### WORK TO BE COMPLETED
Among the entries below, only the lines starting at the one with "Detailed knit texture" and ending at the one with "Collection of products", both included, are to be printed exactly.

### INFORMATION
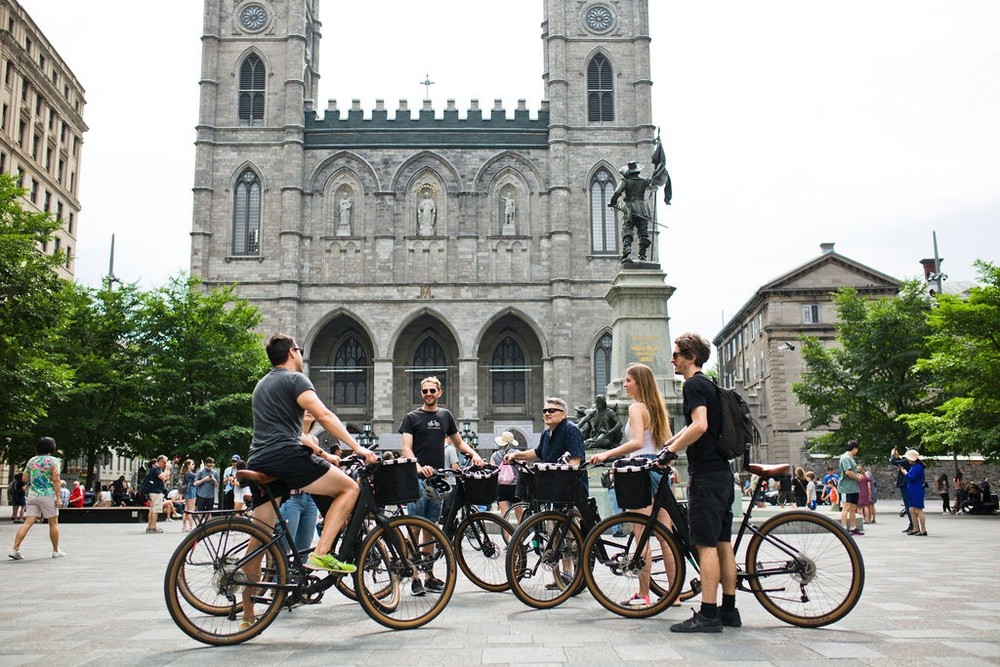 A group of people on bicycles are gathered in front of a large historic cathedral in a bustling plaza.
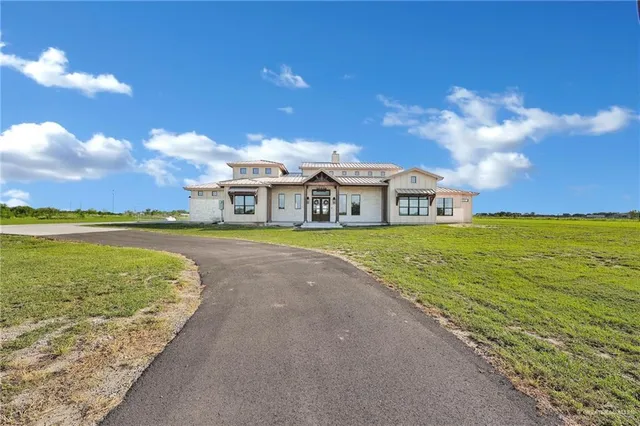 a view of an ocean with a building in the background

---

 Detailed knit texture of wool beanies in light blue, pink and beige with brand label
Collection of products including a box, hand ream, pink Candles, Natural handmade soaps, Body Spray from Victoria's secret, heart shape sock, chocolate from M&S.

### RESULT
 Detailed knit texture of wool beanies in light blue, pink and beige with brand label
Collection of products including a box, hand ream, pink Candles, Natural handmade soaps, Body Spray from Victoria's secret, heart shape sock, chocolate from M&S.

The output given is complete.